Demikian pula tinjauan dari aspek lain, yaitu meskipun secara hukum suatu perkawinan / pernikahan dianggap sah menurut undang – undang apabila telah memenuhi syarat – syarat yang ditentukan dan dicatat Pegawai Pencatat Nikah (PPN), akan tetapi masih banyak perkawinan / pernikahan yang dilangsungkan menurut agama Islam tidak dicatat di Kantor Urusan Agama. Begitu juga perkawinan yang dilakukan menurut agama Budha dan Hindu, masih banyak yang belum dicatat dalam administrasi negara. Sedangkan bagi penganut agama Kristen, masih banyak melangsungkan perkawinan hanya sebatas pemberkatan pernikahan di Gereja dan tidak dicatat di Kantor Catatn Sipil.
Dalam kerangka pemikiran secara dogmatis tersebut, masyarakat cenderung berorientasi pada fakta – fakta masa lalu dan bersifat imitatif. Nilai – nilai sejarah keagamaan tersebut dijadikan sebagai pedoman atau tata cara dalam melakukan pernikahan. Dalam dimensi berpikir yang demikian, di kalangan masyarakat Islam misalnya masih terdapat cara pandang antagonistik terhadap peraturan perundang – undangan yang mengatur tentang pencatatan perkawinan, yaitu pandangan yang dihubungkan dengan aturan hukum yang bersumber dari Al – quran dan Sunnah, yang tidak mewajibkan adanya pencatatan perkawinan. Begitu juga kalangan masyarakat Kristiani tertentu yang hanya memahami sebagai suatu nilai hakiki bahwa perkawinan sudah cukup dianggap sah apabila telah dilakukan pemberkatan pernikahan oleh Pendeta.

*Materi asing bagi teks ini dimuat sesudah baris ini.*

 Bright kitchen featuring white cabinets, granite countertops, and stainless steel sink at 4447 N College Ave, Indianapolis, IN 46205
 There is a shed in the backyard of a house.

- Bagaimana dampak kurangnya sosialisasi mengenai manfaat pencatatan perkawinan.
Kiranya dapat dikemukakan bahwa yang menjadi landasan teoritis dari asumsi – hipotetis “kurangnya sosialisasi mengenai manfaat pencatatan perkawinan” adalah pendapat Rocoe Pound yang menyatakan,”proses hukum pada hakekatnya adalah suatu proses rekayasa sosial (social engeneering). Hukum itu pada hakikatnya adalah sarana yang dapat digunakan untuk mengontrol dan merekayasa masyarakat. Hukum diselenggarakan dengan tujuan untuk mengoptimalkan pemuasan kebutuhan dan kepentingan (interest)”[10]. Dalam rangka sosialisasi tersebut maka rekayasa sosial yang tertuju pada diskresi menjadi sangat signifikan untuk memberi pemahaman kepada masyarakat tentang manfaat pencatatan perkawinan.
Diskresi untuk meningkatkan dan memantapkan sosialisasi mengenai pelaksanaan pencatatan perkawinan sebagaimana ditentukan dalam pasal 2 ayat (2) Undang – Undang Nomor 1 Tahun 1974 Tentang Perkawinan, pasal 13 Peraturan Pemerintah Nomor 9 Tahun 1975 Tentang Pelaksanaan Undang – Undang Nomor 1 Tahun 1974 Tentang Perkawinan dan pasal 5 – 6 Kompilasi Hukum Islam (KHI) di Indonesia adalah sangat penting. Sosialisasi tersebut harus dapat memberikan gambaran dan pemaparan yang bersifat komprehensif agar masyarakat memahami akibat hukum dan manfaat dari pencatatan perkawinan, sehingga ada persesuaian dengan nilai – nilai yang dianut oleh warga masyarakat. Melalui sarana sosialisasi tumbuh kesadaran hukum masyarakat untuk melaksanakan pencatan perkawinan. Dengan perkataan lain, sosialisasi merupakan sarana atau corong penyampaian diskresi sebagai suatu kaedah hukum. Hal ini sesuai dengan pemahaman masyarakat yaitu kaedah hukum sebagai diskresi pemerintah, sesuai pendapat Soejono Soekanto, Purnadi Purbacaraka yang mengatakan bahwa, “ Hukum sebagai keputusan penguasa, yakni hasil proses diskresi yang menyangkut pengambilan keputusan yang didasarkan pada hukum, akan tetapi yang juga didasarkan pada penilaian pribadi”[11].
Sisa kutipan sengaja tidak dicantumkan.